Category Archives: reporting services

Beware of Ghost Referral Spam!

Recently I noticed a small web  site I manage was showing an unusual amount of traffic…far more than expected. Upon checking Google Analytics under Acquisition/Channels/Referrals here’s what I found.


Over 80% of the traffic was being referred from the domain,!

After a few minutes researching this domain I found a relatively new issue has emerged known as ghost referral spam. They leave a trail in your analytics reports to entice you to click through to their spam-ridden websites while screwing up your analytics reporting and SEO analysis.

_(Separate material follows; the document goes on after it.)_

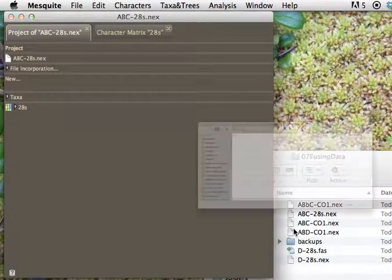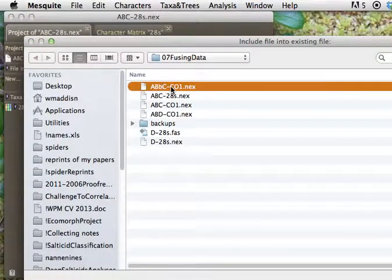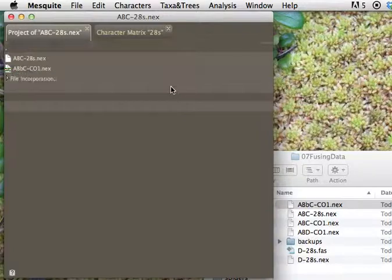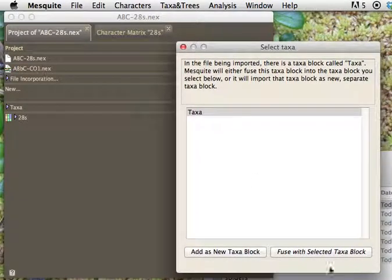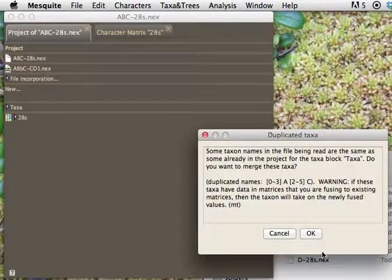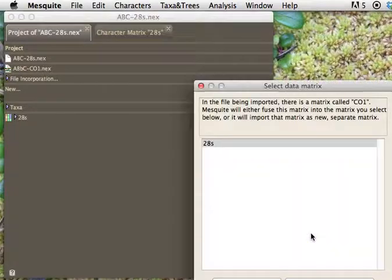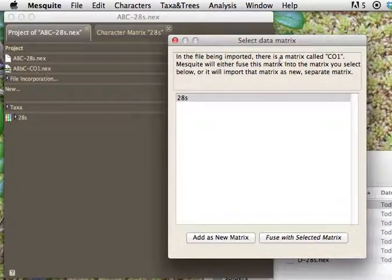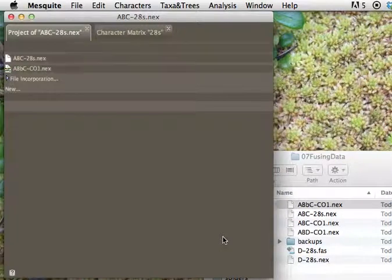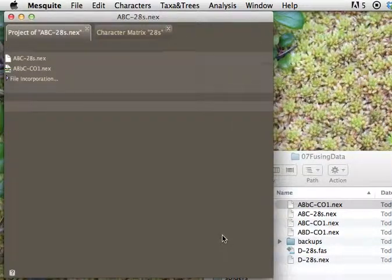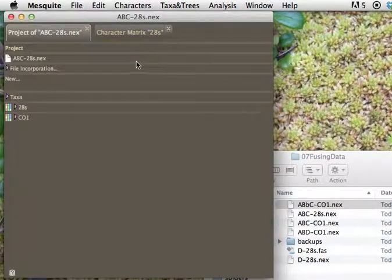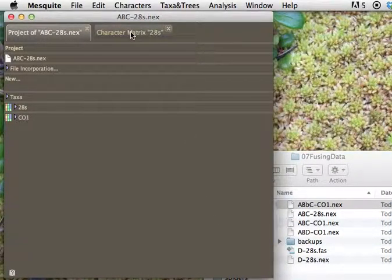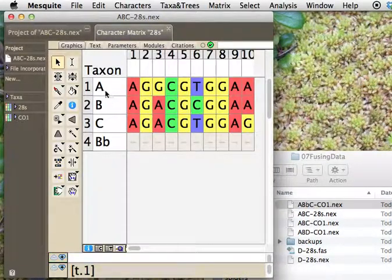So we're going to go back to here, merge taxa and matrices from file. We're going to do the same thing, and we're going to say we want this one, and we are going to fuse the taxa blocks, and this one coming in is CO1. It is duplicated. We expected that. So we're not going to fuse. We're going to add as a new matrix, and everything looks fine.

They are called ghost referrals because they NEVER visit your site. They are able to post fake pageviews to Google’s tracking service using a random series of tracking IDs. So when they happen across a series that includes your tracking ID, Google will record a referral visit from that source in your analytics reports.

Since they never actually visit your site they can’t be blocked at the server using traditional blocking techniques like IP excludes or .htaccess methods. So what to do?

There seems to be several main ideas floating around about how to most effectively handle this new threat.

The most common recommendation is to simply create a filter in Google Analytics to block them from showing up in reporting. Here’s a good article with detail step-by-step instructions and screen shots on how to setup these filters in Google Analytics.

Since the spammer hostnames can change frequently, thus rendering your exclude filters useless, another approach is to only INCLUDE valid hostnames by creating filters based on a hostname INCLUSION lists. Here’s an article,  Definitive Guide to Removing Referral Spam, with the details of this approach.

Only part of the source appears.